How to Sell a GitHub Repo, Starter Kit, or Code Boilerplate

Developers have been building and selling code templates for years, but the tooling has always felt awkward: either use a platform built for digital creators (Gumroad, Lemon Squeezy) that treats code like a PDF, or build custom checkout infrastructure just to sell a zip file.

unseal.link works for code because code is just a URL. A GitHub release download, a Google Drive zip, a Dropbox folder: paste the link, set a price, done.


Getting a Downloadable Link for Your Code

The cleanest approach for most projects: create a GitHub release. Tag your version, go to Releases in your repo, upload your project as a .zip asset, and copy the direct download URL. For a public repo it looks like https://github.com/yourusername/yourrepo/releases/download/v1.0.0/yourrepo.zip.

For private repos, GitHub release assets require authentication; use Google Drive instead. Export your project as a zip, upload to Drive, set sharing to "Anyone with the link can download," and copy that URL. Either way, paste it into unseal.link and you have a paywall in under 60 seconds.


The README Badge Trick

Add a buy badge directly to your GitHub README; this is underused and genuinely effective:

[![Buy the full version](https://img.shields.io/badge/Buy%20Now-$49-brightgreen)](https://unseal.link/l/your-repo-id)

This renders as a clickable green button visible to every developer who lands on your repo. If your repo has any stars or organic traffic, that's a passive sales channel with zero ongoing effort.


What Developers Actually Pay For

The market for code templates is real but specific. What consistently sells: full-stack SaaS boilerplates with auth and payments already wired up, AI app starters with streaming and tool use configured, mobile app templates with navigation and state management set up, and Chrome extension scaffolds. What doesn't move: incomplete projects, anything with a well-maintained free equivalent, and undocumented code.

Buyers aren't paying for code; they're paying to skip 20-40 hours of setup work they've done before and don't want to do again. The pricing reflects that. Marc Lou's ShipFast sells at $199. Divjoy charges $149. If your boilerplate is production-ready with good docs, $99-$199 is not overpriced.


The Open Core Model

The highest-converting approach for developer products: free tier on GitHub (public repo, core functionality), paid tier behind unseal.link (full production version with all integrations, support, updates). The free version builds stars and credibility. The paid version monetizes the people who need it production-ready.

Even a simple split (free minimal version, paid version with auth + payments + email already configured) creates a clear upgrade path. Developers who find your free version and want to skip the integration work are your buyers.


Handling Updates

When you ship a significant update, generate a new GitHub release, update your unseal.link with the new download URL, and email your buyers. Your unseal.link dashboard has your full buyer list with emails. Most code sellers underestimate how much buyers appreciate update notifications; it's one of the main reasons they recommend your product to others.


FAQs

How do I handle license enforcement?

Include a LICENSE file. Standard options: personal license (one developer, one project), team license (one company, unlimited devs), or source-available with restrictions. You can't technically prevent sharing, but clear licensing plus fair pricing handles 95%+ of cases. Price the team license at 3-5× the individual price and some buyers will self-select into it.

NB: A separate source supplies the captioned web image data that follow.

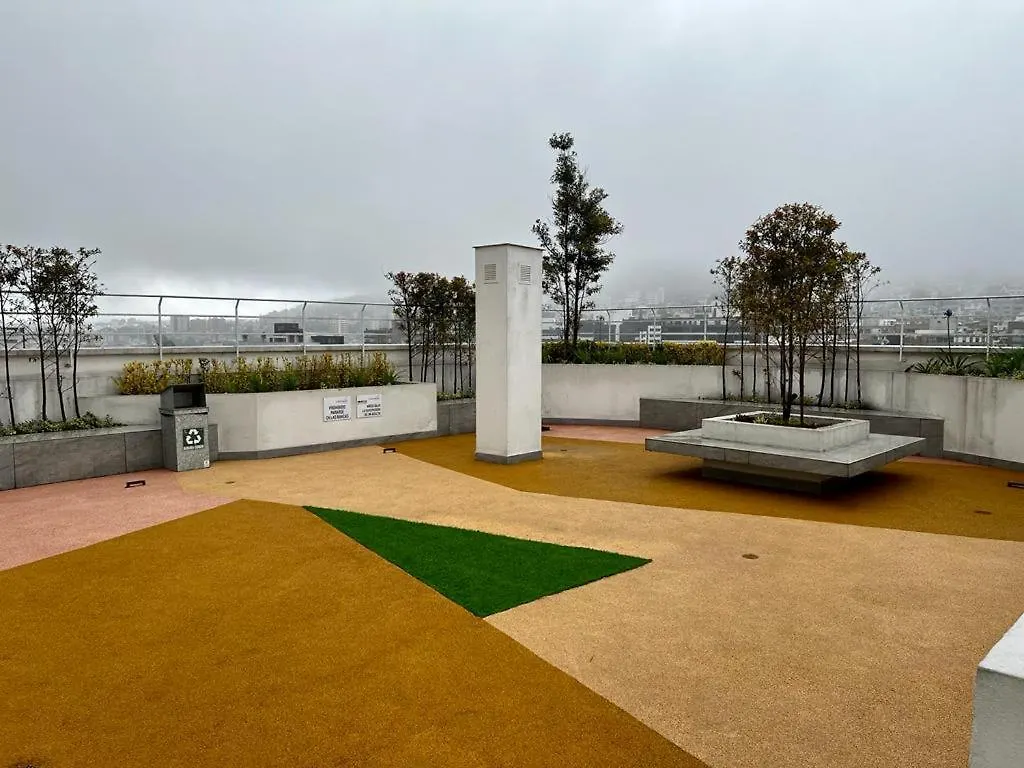 Luxury Apartment With Balcony And View Quito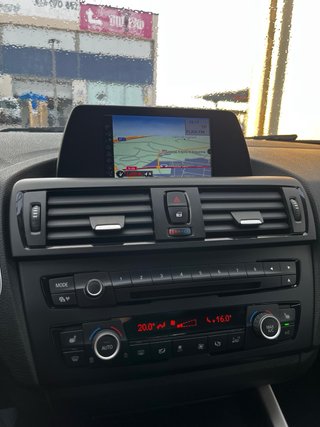 BMW 118dA 143cv Automático 8 Vel. Navegador Garant
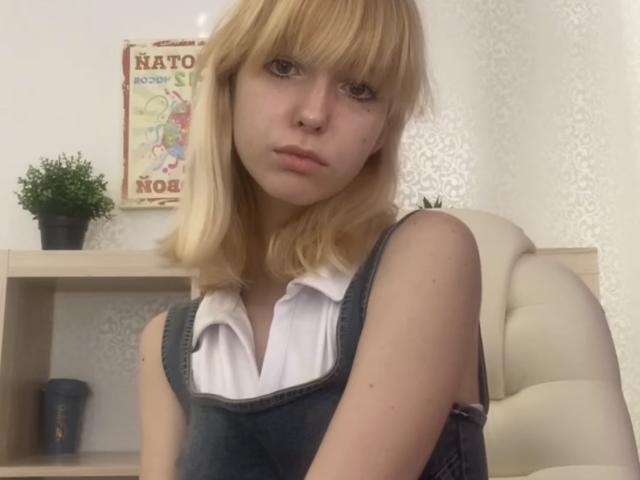 Blumi - Live sex cam - 17554078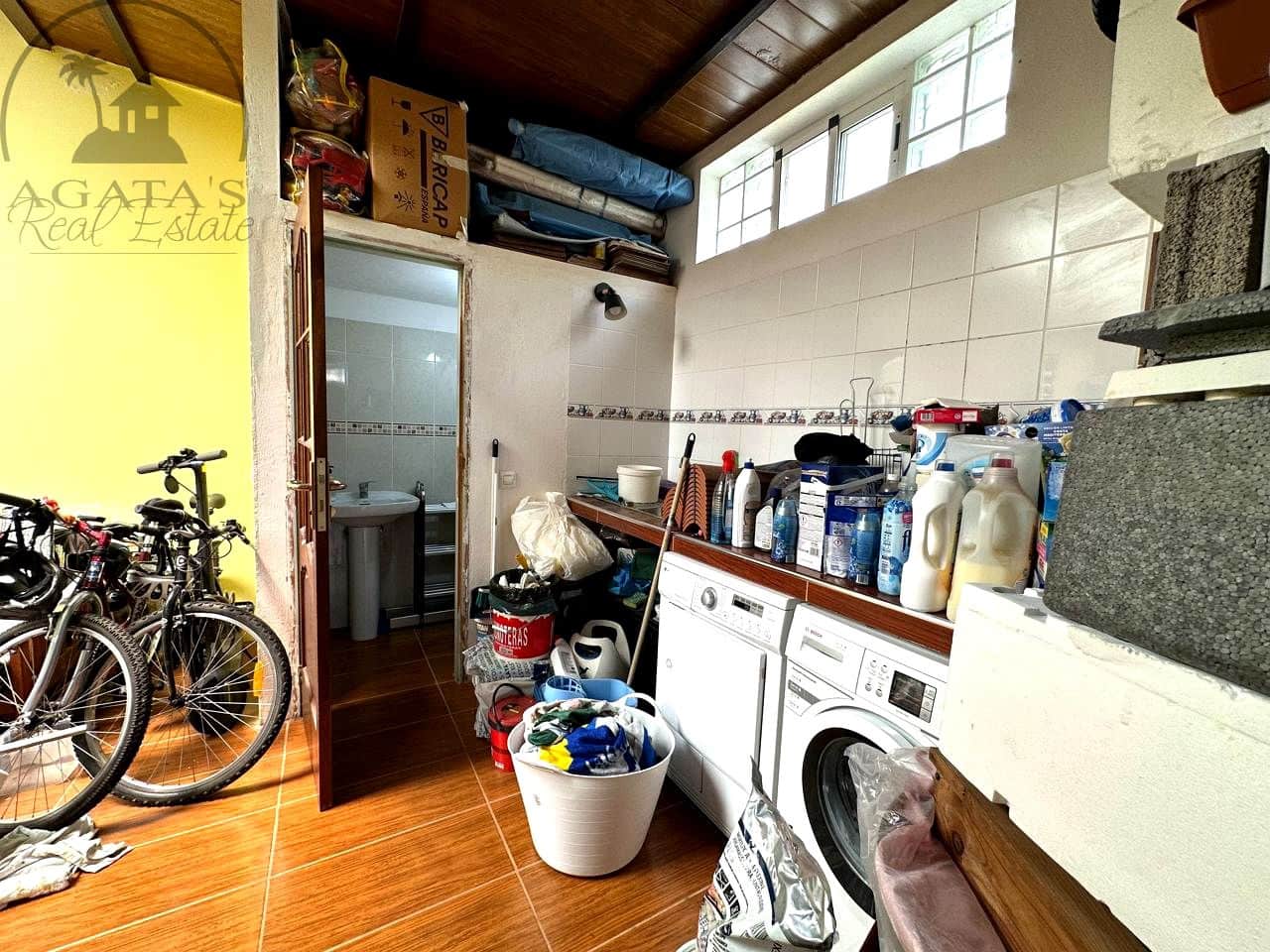 5 chambre Villa/Maison à vendre à San Cristobal de La Laguna avec garage - 480 000 € (Ref: 9847774)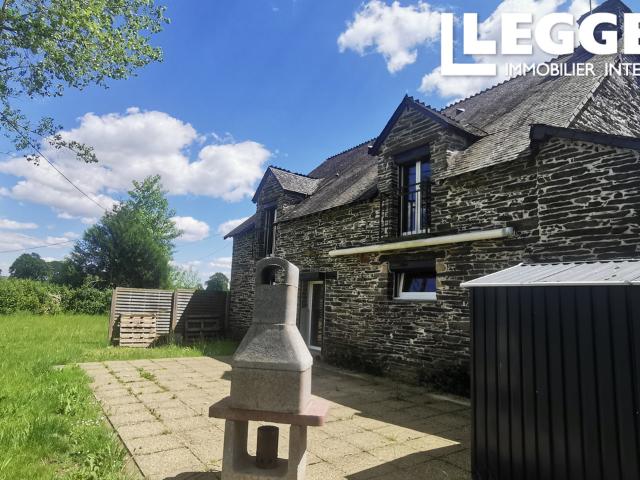 Une jolie maison individuelle en pierre, 3 ch+2 WC, au bord de la rivière et un village très recherché!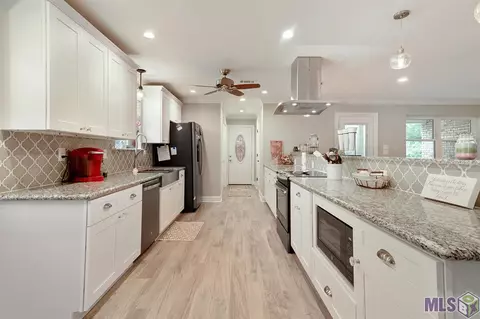 11439 Sandra Dr, Walker, LA 70785 photo 6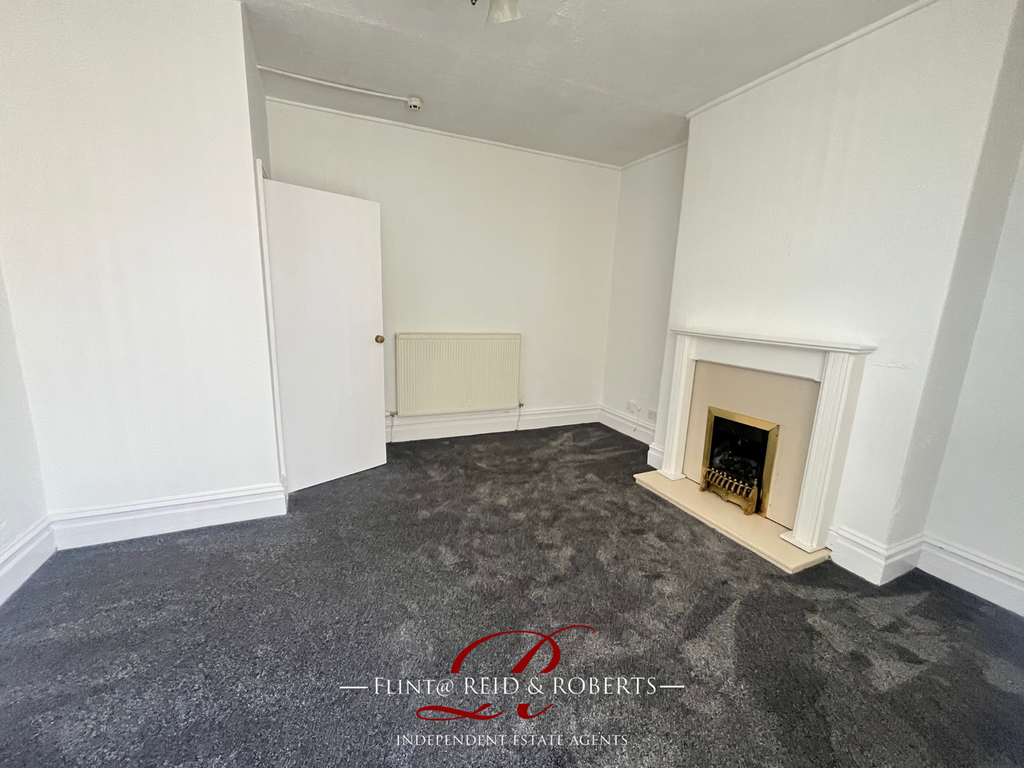 Property photo 3 of 10 Living Room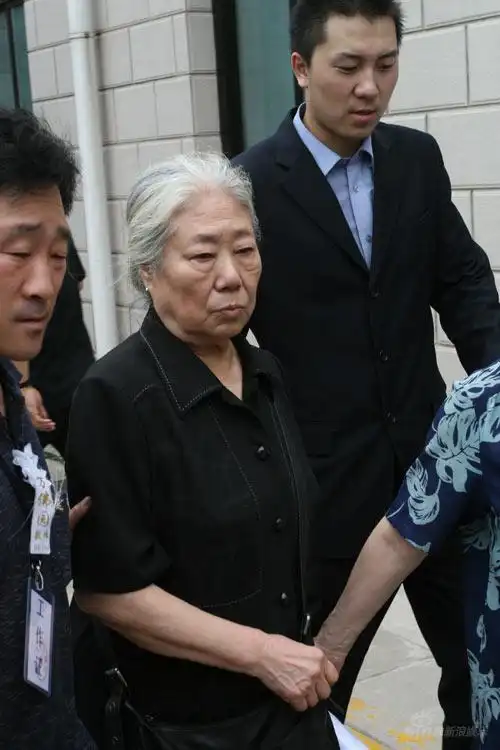 演员文兴宇逝世专题 正文  新浪娱乐讯 文兴宇追悼会及遗体告别式于3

Should I have a free version and paid version?

Yes, if your project is substantial enough to split. The open core model (free core + paid production version) consistently outperforms pure paid products for developer tools because the free version does your marketing for you via GitHub stars and organic search.

What about buyers who want a refund?

Your dashboard has full refund control. Since code is digital and was delivered, you're not obligated, but a no-questions refund window (say, 7 days if they can't get it working) builds trust and the occasional refund costs less than the reputation damage of being known as difficult.

Can I sell a private GitHub repo directly?

Private repo release assets require GitHub authentication to download, which breaks the unseal.link flow. Use Google Drive for private code delivery; it works more reliably for this use case anyway.